Las alianzas empresariales que cita GlobalData

El informe de GlobalData identifica varias colaboraciones entre empresas de distintos sectores para probar la computación cuántica en casos de uso reales. En finanzas, HSBC e IBM trabajan juntos en aplicaciones de computación cuántica para mercados financieros.

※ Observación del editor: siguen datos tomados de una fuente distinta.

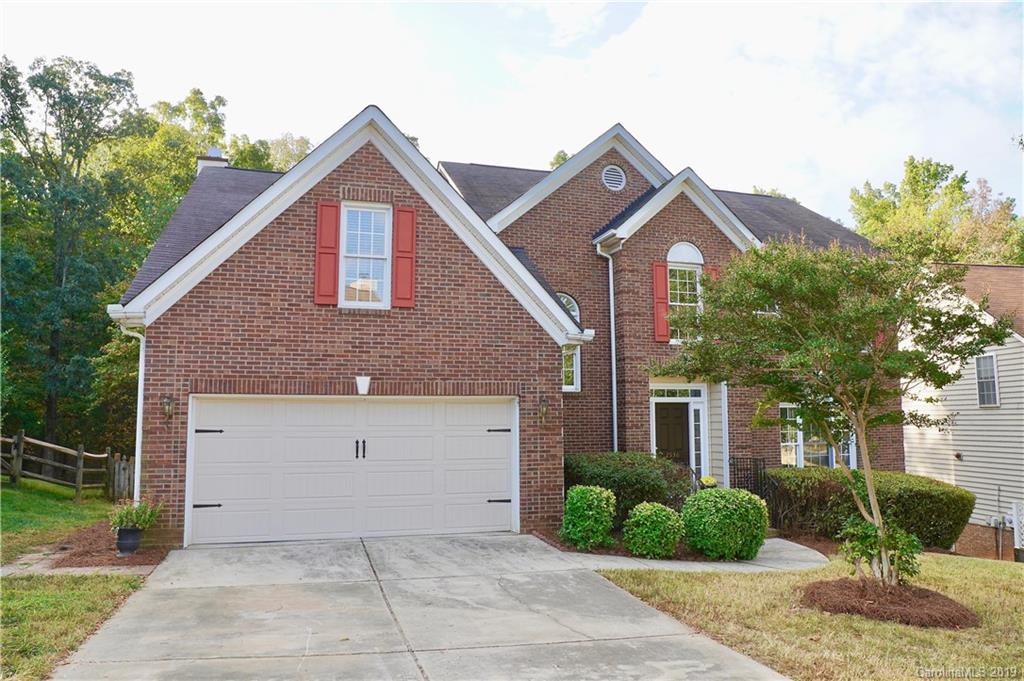 2536 Adonis Court Charlotte NC 28213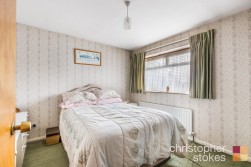 Claremont, Cheshunt, Waltham Cross, Hertfordshire, EN7 5QR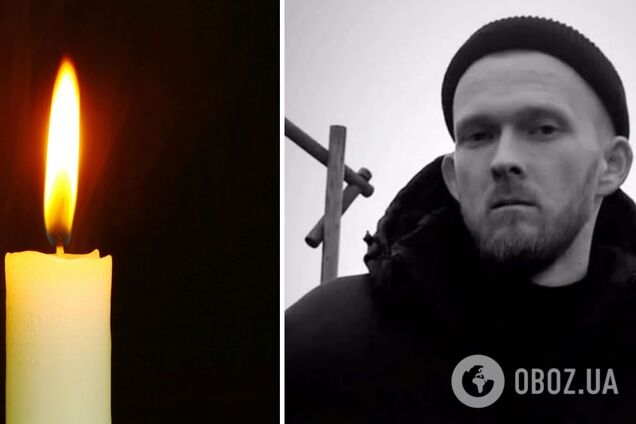 Діти залишилися без батька: на фронті загинув молодий захисник з Волині. Фото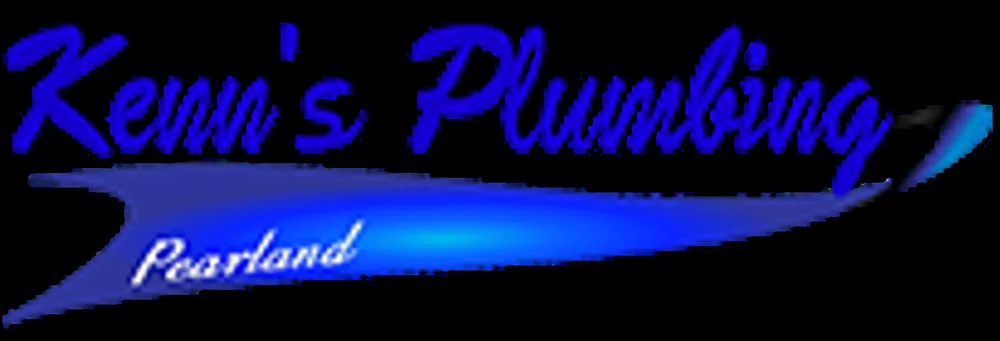 Slide of Kenn's Plumbing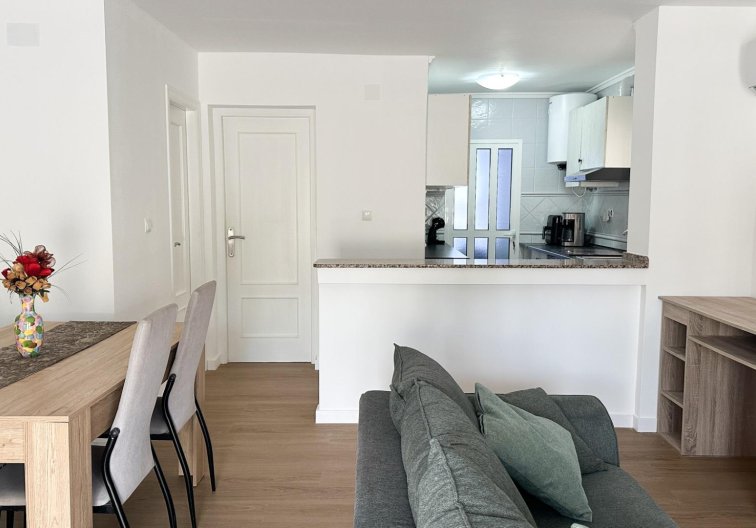Wiederverkauf - Duplex - San Miguel de Salinas - Las Filipinas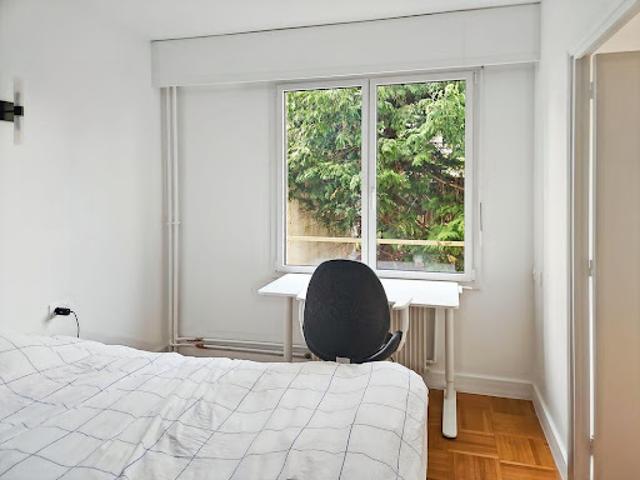 Location Appartement 2 pièces 44 m2 Courbevoie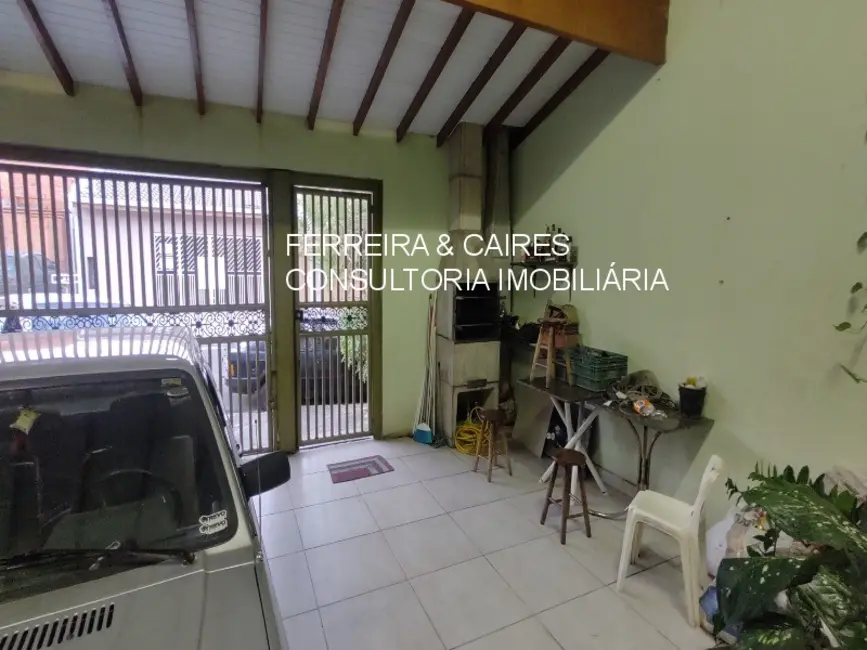 Foto 6 de Casa com 3 quartos à venda, 131m2 em Jardim Paulistano, Indaiatuba - SP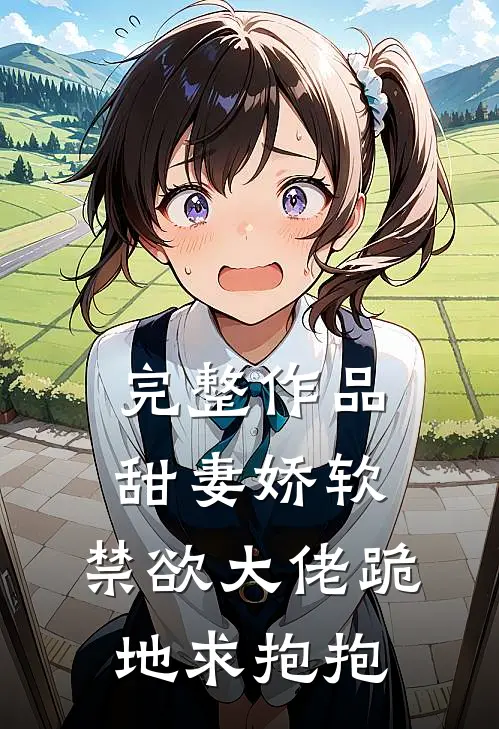 完整作品甜妻娇软，禁欲大佬跪地求抱抱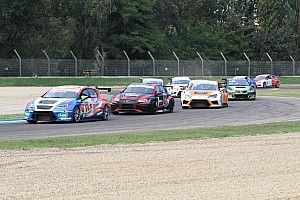 La "nona sinfonia": ecco il nuovo BoP per le TCR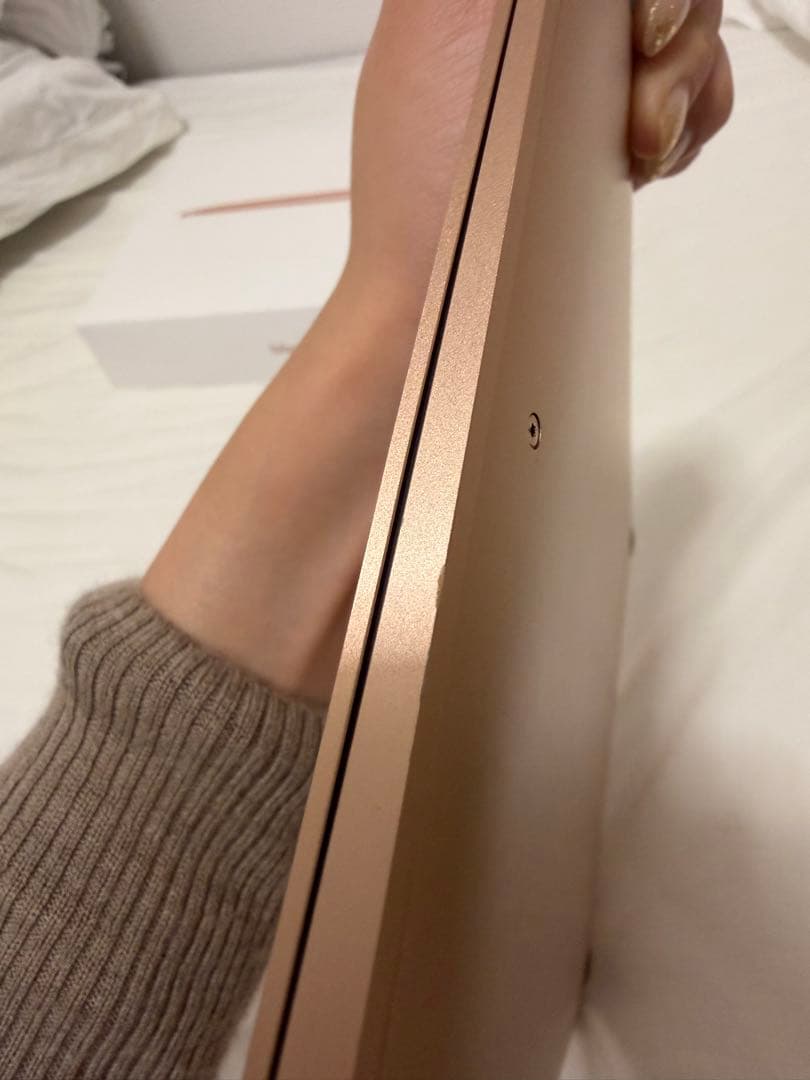 【動作良好】MacBook Air M1 2020年モデル 13インチ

En salud, Menten AI usa la plataforma cuántica de D-Wave para el diseño de proteínas y medicamentos, un área donde la simulación molecular es computacionalmente muy intensiva. En transporte, Volkswagen trabaja con Xanadu en la simulación de baterías para vehículos eléctricos, y Zapata Computing colabora con BMW en optimización de procesos industriales. Intel, por su parte, tiene su propio Quantum SDK para desarrolladores que quieren trabajar con su hardware cuántico.

Ninguna de estas colaboraciones implica computación cuántica en producción masiva: son proyectos piloto o de investigación orientados a determinar dónde el hardware cuántico puede ofrecer una ventaja real frente a las soluciones clásicas. La carrera por construir hardware de IA eficiente no se limita al ámbito cuántico; en el segmento de silicio clásico, OpenAI ha comenzado a diseñar su propio chip con Broadcom para abaratar la inferencia de los LLM, lo que muestra cómo la optimización del hardware se ha vuelto central para todos los actores de la IA.

Los retos técnicos que frenan la adopción

Los dos problemas principales de la computación cuántica a finales de 2023 son la decoherencia y el número limitado de qubits. La decoherencia ocurre cuando los qubits pierden su estado cuántico por interacción con el entorno exterior: temperatura, vibraciones o campos electromagnéticos. Mantener qubits estables requiere temperaturas próximas al cero absoluto (-273 °C), lo que exige infraestructura criogénica cara y compleja. Además, los ordenadores cuánticos actuales tienen decenas o cientos de qubits, no los millones que harían falta para superar a los clásicos en tareas de escala real.

En ese contexto, es notable el trabajo de empresas españolas como Multiverse Computing, que buscan aplicar la computación cuántica para hacer rentables ciertos tipos de cálculo en IA. Su propuesta Pulsar 16B, un modelo de razonamiento abierto que busca hacer rentable la IA de razonamiento, muestra cómo las empresas del sector cuántico también participan en la carrera de los LLM.

Preguntas frecuentes

¿Qué es un qubit y en qué se diferencia de un bit clásico?

Un bit clásico solo puede ser 0 o 1. Un qubit, gracias al principio de superposición cuántica, puede estar en ambos estados a la vez hasta que se mide. Eso permite a los ordenadores cuánticos explorar múltiples posibilidades simultáneamente en ciertos tipos de cálculo.

¿La computación cuántica es más rápida que la clásica en todo?

No. La computación cuántica ofrece ventaja en problemas específicos: optimización combinatoria, simulación molecular, factorización de números grandes. Para cálculos estándar de IA, como el entrenamiento de redes neuronales, las GPU clásicas siguen siendo más prácticas y asequibles.

¿Cuáles son los principales frenos de la computación cuántica en 2023?

La decoherencia (los qubits son muy inestables), el número aún bajo de qubits disponibles en hardware comercial y el coste de la infraestructura criogénica necesaria para mantenerlos a temperatura cercana al cero absoluto son los tres factores que más frenan la adopción empresarial.

¿Qué sectores están usando ya computación cuántica en proyectos reales?

Según GlobalData, finanzas (HSBC e IBM), salud (Menten AI con D-Wave), transporte (Volkswagen con Xanadu, Zapata con BMW) y electrónica de consumo con la simulación de baterías. Todos son proyectos de investigación o pilotos, no despliegues en producción a gran escala.